» **Try it**
No pictures belong in the copy. Retype exactly, and only, the stretch of lines below from the one with "寺院 の 建物 で 歩い て いる 女性 の 後ろ の 景色" through the one with "RENAULT TRAFIC".
======== Records for this task ========
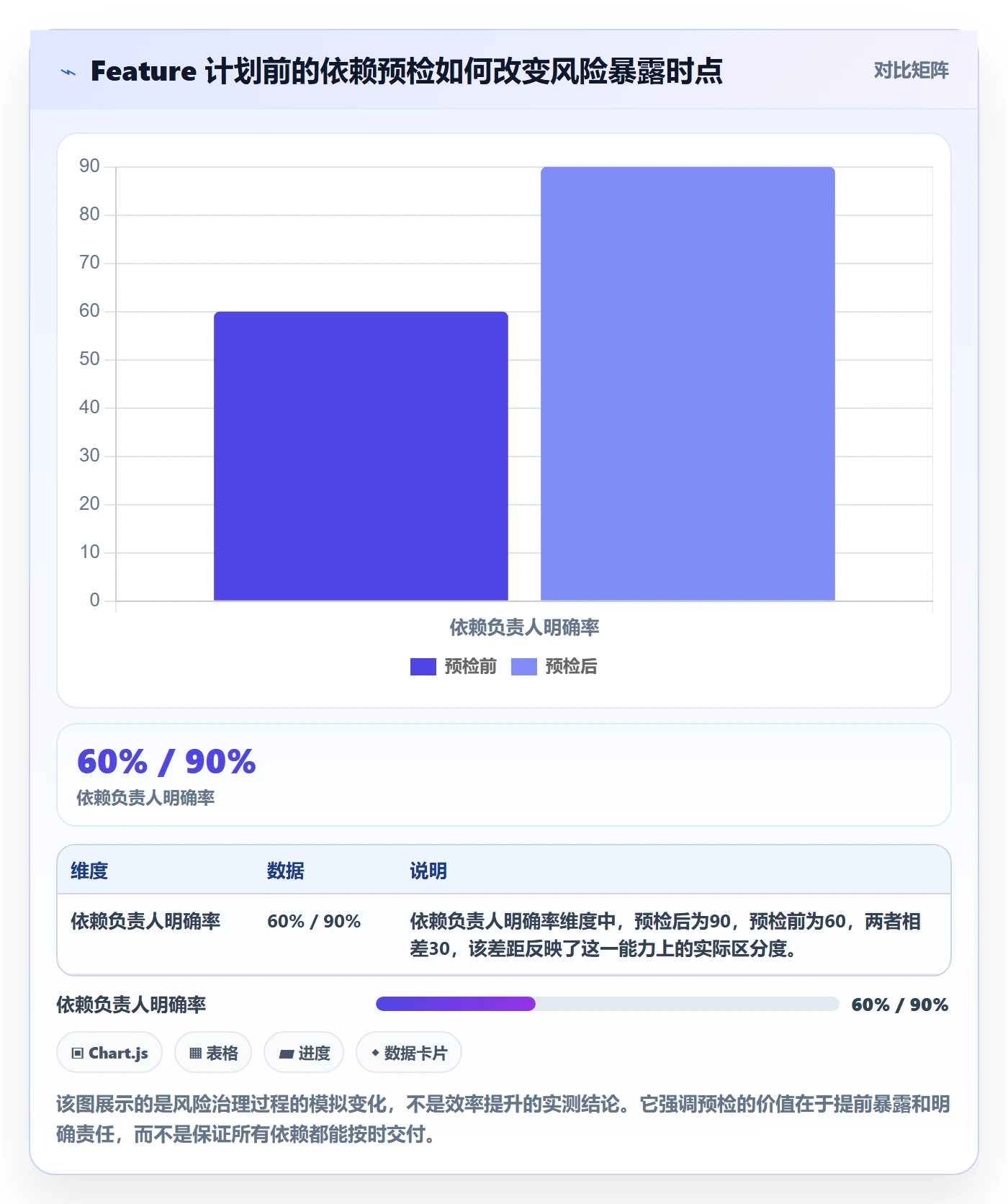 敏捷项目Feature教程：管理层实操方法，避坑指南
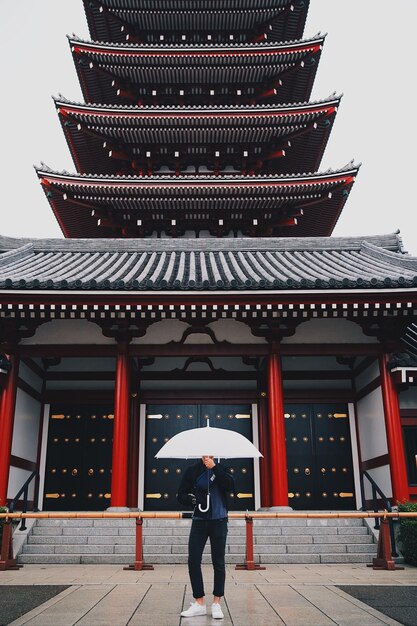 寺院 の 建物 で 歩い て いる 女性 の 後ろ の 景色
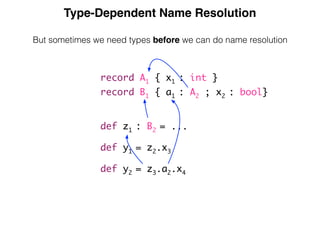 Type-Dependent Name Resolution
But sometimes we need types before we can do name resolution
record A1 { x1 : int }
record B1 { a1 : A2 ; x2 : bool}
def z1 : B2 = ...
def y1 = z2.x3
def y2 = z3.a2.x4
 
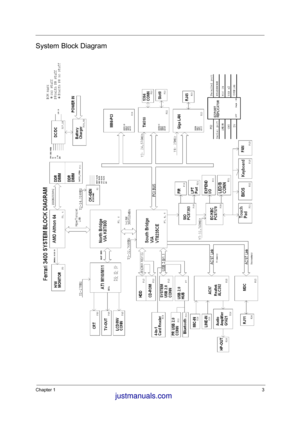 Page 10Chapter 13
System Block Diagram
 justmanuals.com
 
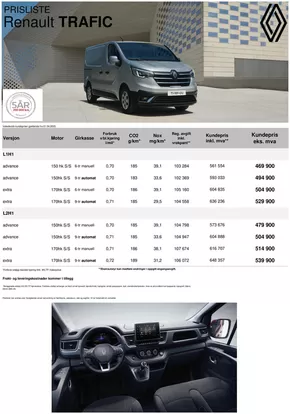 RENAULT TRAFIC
========
======== Records for this task ========
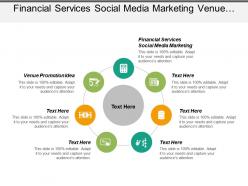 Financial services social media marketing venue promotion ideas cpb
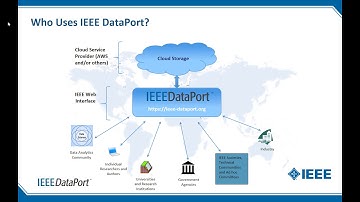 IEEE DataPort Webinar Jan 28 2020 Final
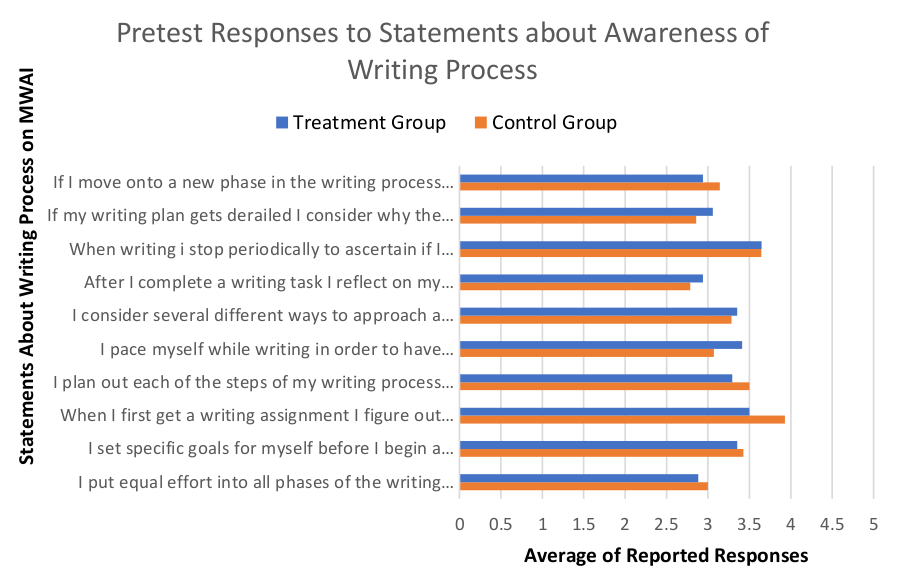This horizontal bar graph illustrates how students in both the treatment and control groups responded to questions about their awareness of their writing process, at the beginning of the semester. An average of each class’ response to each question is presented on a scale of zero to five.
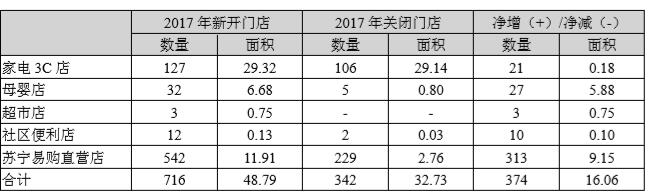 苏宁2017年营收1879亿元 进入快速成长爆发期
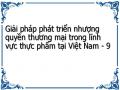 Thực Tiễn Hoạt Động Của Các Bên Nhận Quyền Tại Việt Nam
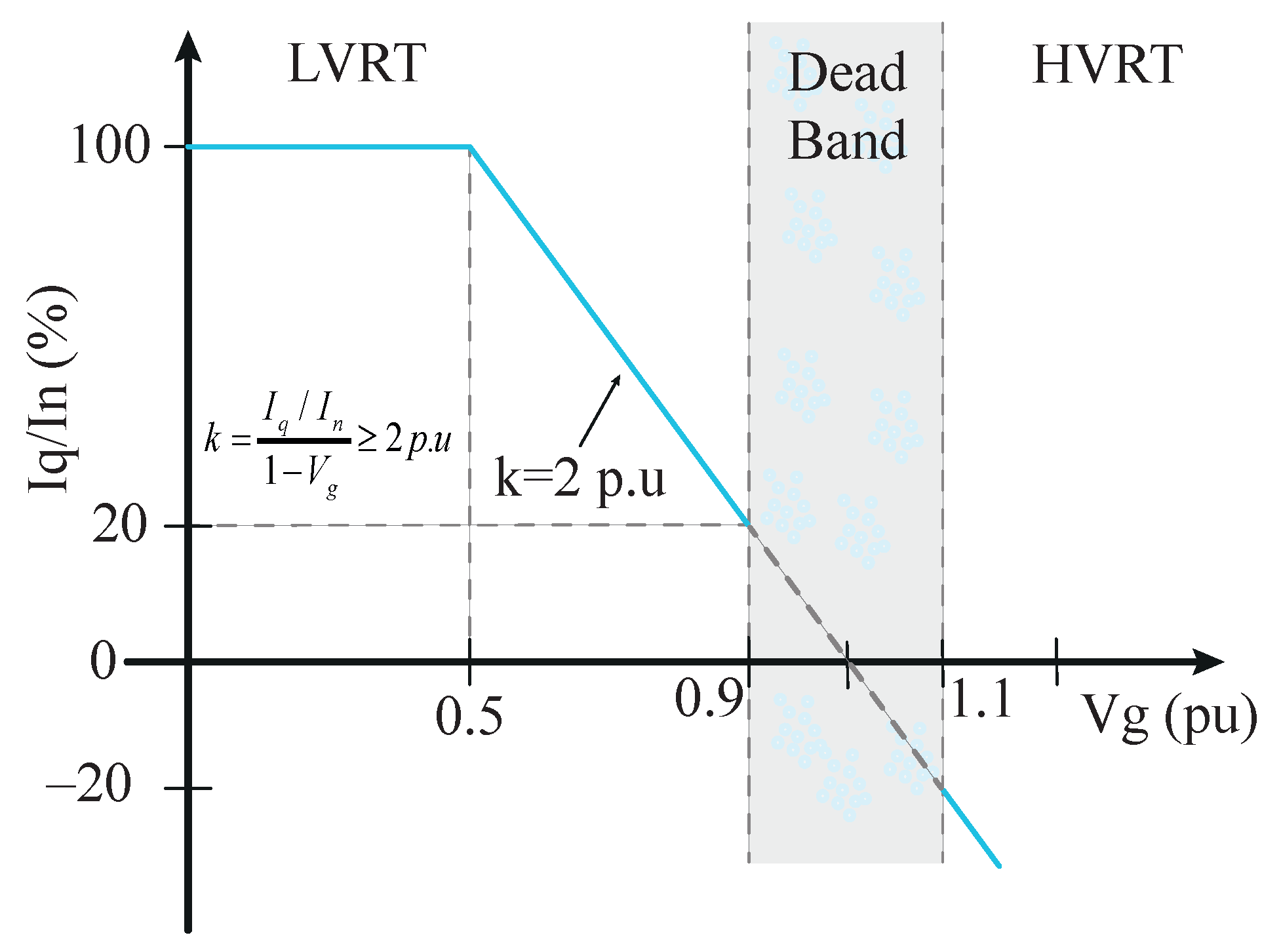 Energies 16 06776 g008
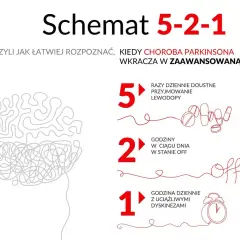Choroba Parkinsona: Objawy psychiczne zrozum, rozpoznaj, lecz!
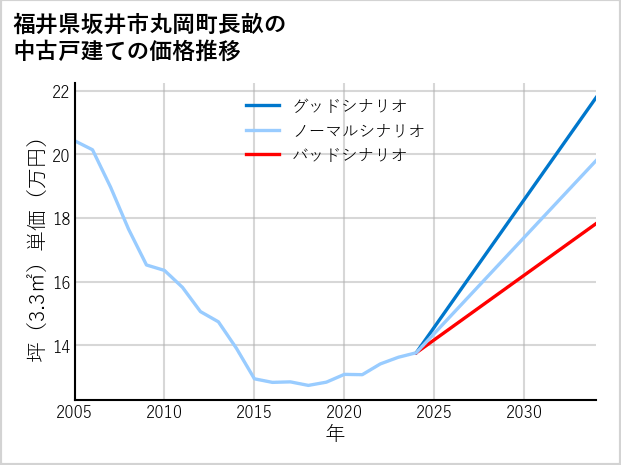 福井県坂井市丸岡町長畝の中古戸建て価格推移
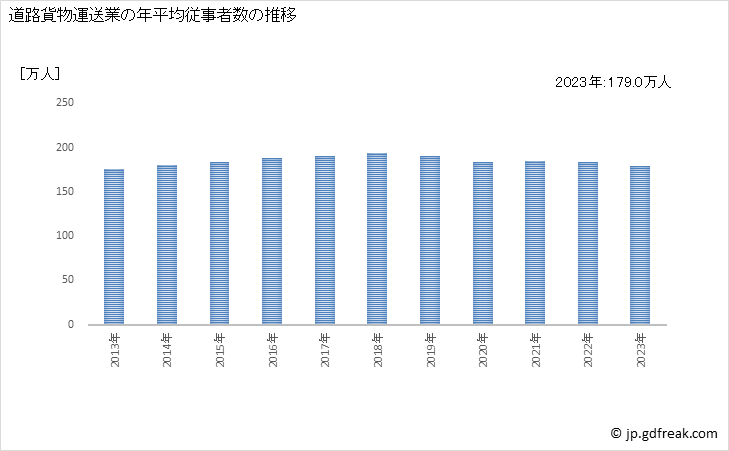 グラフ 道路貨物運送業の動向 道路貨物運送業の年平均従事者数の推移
========
======== Records for this task ========
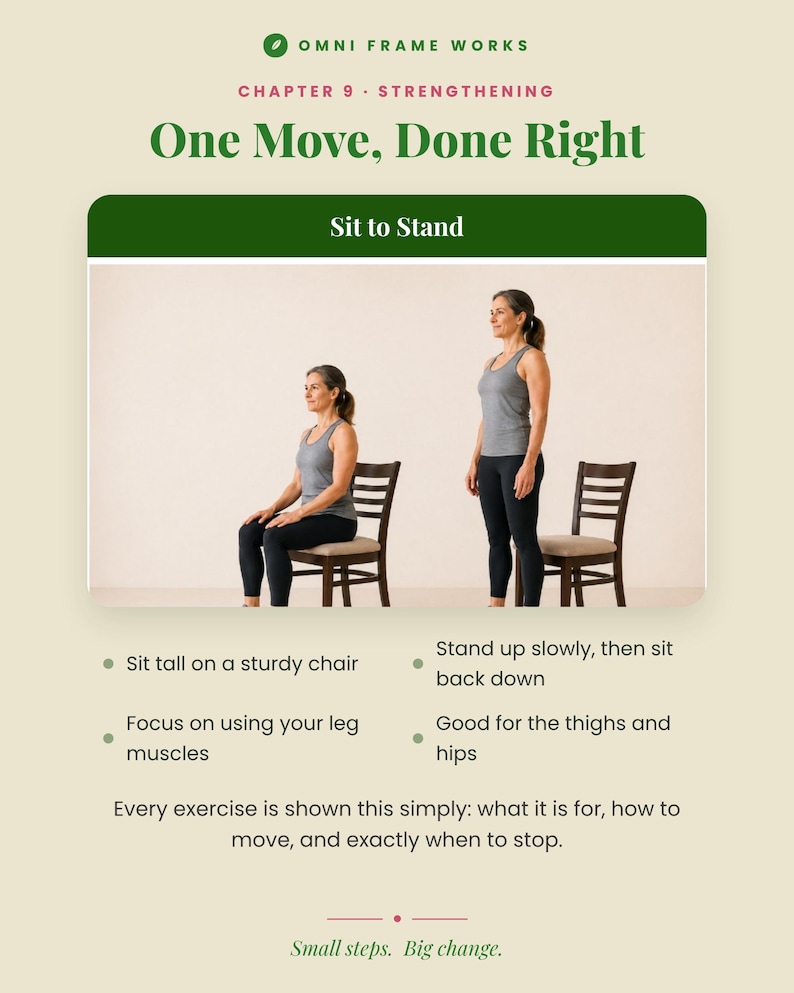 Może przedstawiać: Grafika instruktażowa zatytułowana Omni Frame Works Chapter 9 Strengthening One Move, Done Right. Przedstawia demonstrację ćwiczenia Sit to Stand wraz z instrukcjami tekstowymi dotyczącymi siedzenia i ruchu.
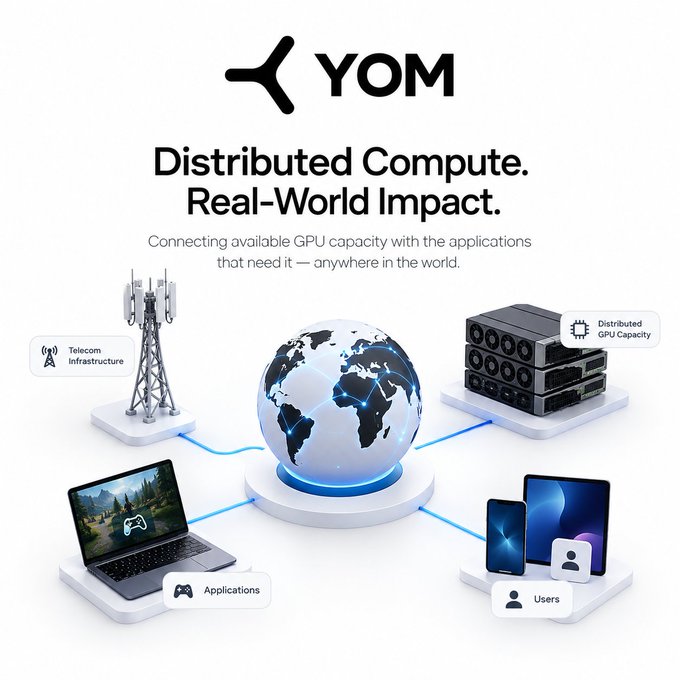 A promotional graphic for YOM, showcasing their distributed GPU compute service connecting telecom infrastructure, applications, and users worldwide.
========
» **Solution for this task**
 寺院 の 建物 で 歩い て いる 女性 の 後ろ の 景色
 Type-Dependent Name Resolution
But sometimes we need types before we can do name resolution
record A1 { x1 : int }
record B1 { a1 : A2 ; x2 : bool}
def z1 : B2 = ...
def y1 = z2.x3
def y2 = z3.a2.x4
 
 Page 10Chapter 13
System Block Diagram
 justmanuals.com
 
 RENAULT TRAFIC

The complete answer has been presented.